# Problem statement
Line by line, transcribe the data below exactly and pass over the images.
-- -- --
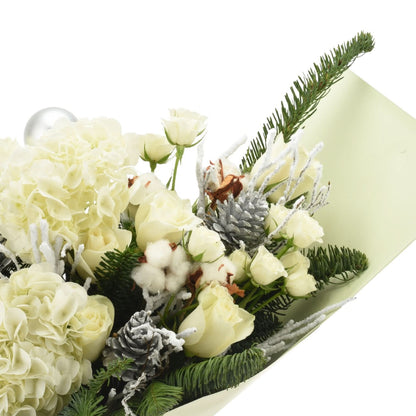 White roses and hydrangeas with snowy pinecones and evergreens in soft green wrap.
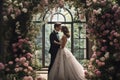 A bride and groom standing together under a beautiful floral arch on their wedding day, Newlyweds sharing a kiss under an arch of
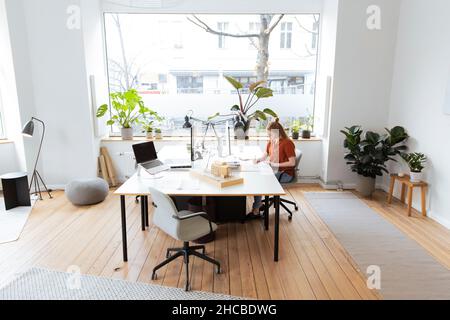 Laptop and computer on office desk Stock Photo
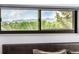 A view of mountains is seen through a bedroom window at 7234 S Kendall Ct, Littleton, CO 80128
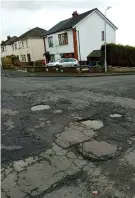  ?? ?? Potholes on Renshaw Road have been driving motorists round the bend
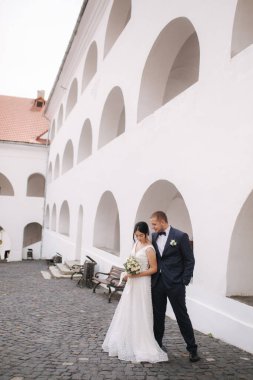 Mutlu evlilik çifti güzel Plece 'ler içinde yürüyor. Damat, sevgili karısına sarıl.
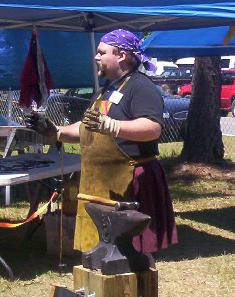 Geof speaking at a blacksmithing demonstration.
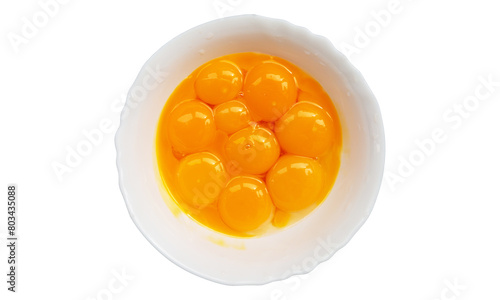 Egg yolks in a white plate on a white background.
-- -- --
# Solution to this exercise
 White roses and hydrangeas with snowy pinecones and evergreens in soft green wrap.
 A bride and groom standing together under a beautiful floral arch on their wedding day, Newlyweds sharing a kiss under an arch of
 Laptop and computer on office desk Stock Photo
 A view of mountains is seen through a bedroom window at 7234 S Kendall Ct, Littleton, CO 80128
  ?? ?? Potholes on Renshaw Road have been driving motorists round the bend
 Mutlu evlilik çifti güzel Plece 'ler içinde yürüyor. Damat, sevgili karısına sarıl.
 Geof speaking at a blacksmithing demonstration.
 Egg yolks in a white plate on a white background.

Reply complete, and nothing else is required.